The interest rate with respect to the Term Loan A-1 Facility is based on, at the Company’s option, either the alternative base rate (ABR) plus 8.25 percent or a eurocurrency rate plus 9.25 percent. The Term A-1 Facility will mature in August 2022, the fourth
anniversary of the Sixth Amendment. The Term Loan A-1 Facility is subject to a maximum consolidated net leverage ratio, a minimum consolidated interest coverage ratio and certain covenant reset triggers (Covenant Reset Triggers) as described in the Sixth Amendment. Upon the occurrence of any Covenant Reset Trigger, the financial covenant levels will automatically revert to previous financial covenant levels in effect prior to the Sixth Amendment.
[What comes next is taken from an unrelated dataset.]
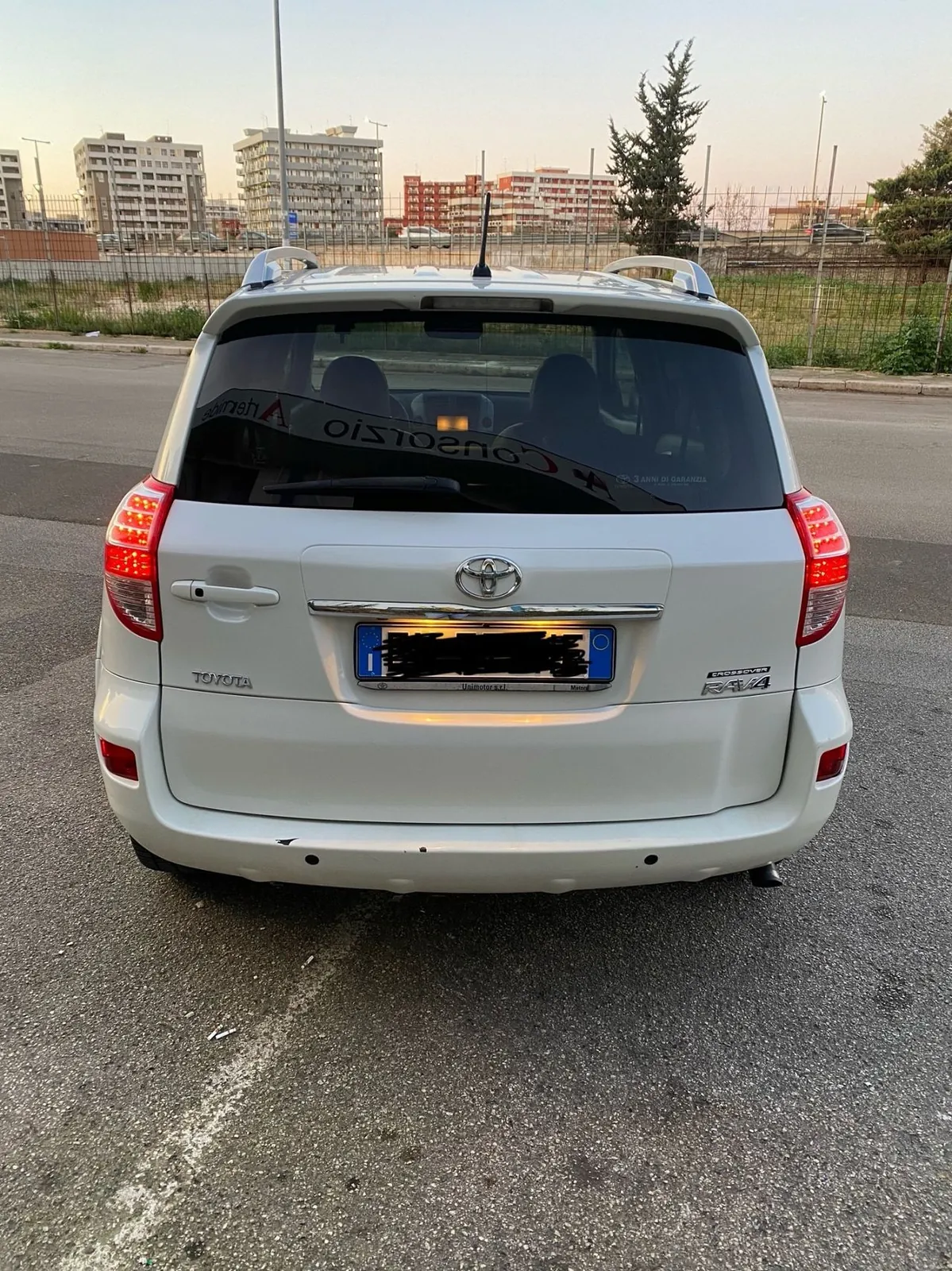 Toyota Rav4 2012 photo 5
On August 7, 2019, the Company entered into a seventh amendment (the Seventh Amendment) to its Credit Agreement. The Seventh Amendment amends and extends certain of the Term A Loans, Revolving Credit Commitments and Revolving Credit Loans maturing on December 23, 2020 (collectively, the 2020 Facilities), to April 30, 2022, to be effected by an exchange of 2020 Term A Loans, 2020 Revolving Credit Commitments and 2020 Revolving Credit Loans for 2022 Term A Loans, 2022 Revolving Credit Commitments and 2022 Revolving Credit Loans, respectively.

The Company also raised $116.7 of new 2022 Term A Loan financing to fund commitment reduction of the 2020 Revolving Credit Commitments, paydown of the 2020 Revolving Credit Loans and payoff of the remaining 2020 Term A Loans. As a result, the Company has $343.8 and $68.7 in 2022 and 2020 Revolving Credit Commitments, respectively, as well as $374.3 in outstanding principal amount of 2022 Term A Loan.
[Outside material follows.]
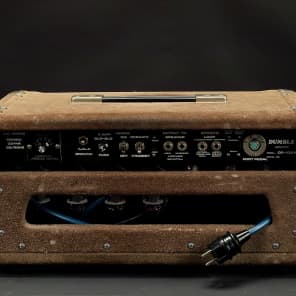 1983 Dumble ODS Overdrive Special image 6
The interest rates with respect to the 2022 Facilities are based on, at the Company’s option, adjusted LIBOR or an alternative base rate, in each case plus an applicable margin tied to the Company’s then applicable total net leverage ratio. Such applicable margins range from, for LIBOR-based 2022 Term A Loans, 1.25 percent to 4.75 percent, for LIBOR-based 2022 Revolving Loans, 1.25 percent to 4.25 percent, and for base-rate 2022 Term A Loans and 2022 Revolving Loans, 1.00 percent less than in the case of LIBOR-based loans.

The Credit Agreement financial ratios at September 30, 2019 were as follows:

a maximum allowable total net debt to adjusted EBITDA leverage ratio of 7.00 to 1.00 as of December 31, 2018 (reducing to 6.50 on June 30, 2020, 6.25 on December 31, 2020, 6.00 on June 30, 2021, and 5.75 on December 31, 2021); and
a minimum adjusted EBITDA to net interest expense coverage ratio of not less than 1.38 to 1.00 (increasing to 1.50 on December 31, 2020, and 1.63 on December 31, 2021).

The Company has $400.0 aggregate principal amount of senior notes due 2024 (the 2024 Senior Notes), which are and will be guaranteed by certain of the Company’s existing and future subsidiaries and mature in April 2024.

Below is a summary of financing and replacement facilities information:
Financing and Replacement Facilities
 
Interest Rate
Index and Margin
 
Maturity/Termination Dates
 
Initial Term (Years)
Credit Agreement facilities
 
 
 
 
 
 
2020 Revolving Facility(i)
 
LIBOR + 3.50%
 
December 2020
 
5
2022 Revolving Facility(i)
 
LIBOR + 4.25%
 
April 2022
 
2.5
2022 Term Loan A Facility(i)
 
LIBOR + 4.75%
 
April 2022
 
2.5
Term Loan A-1 Facility(i)
 
LIBOR + 9.25%
 
August 2022
 
4
Term Loan B Facility - USD(i)
 
LIBOR + 2.75%
 
November 2023
 
7.5
Term Loan B Facility - Euro(ii)
 
EURIBOR + 3.00%
 
November 2023
 
7.5
2024 Senior Notes
 
8.5%
 
April 2024
 
8

(i) 
LIBOR with a floor of 0.0%.
(ii) 
EURIBOR with a floor of 0.0%.

The debt facilities under the Credit Agreement are secured by substantially all assets of the Company and its domestic subsidiaries that are borrowers or guarantors under the Credit Agreement, subject to certain exceptions and permitted liens.

The Company's financing agreements contain various financial covenants, including net debt to capitalization, net debt to EBITDA and net interest coverage ratio, along with certain negative covenants that, among other things, limit dividends, acquisitions and the use of proceeds from divestitures. As of September 30, 2019, the Company was in compliance with the financial and other covenants in its debt agreements.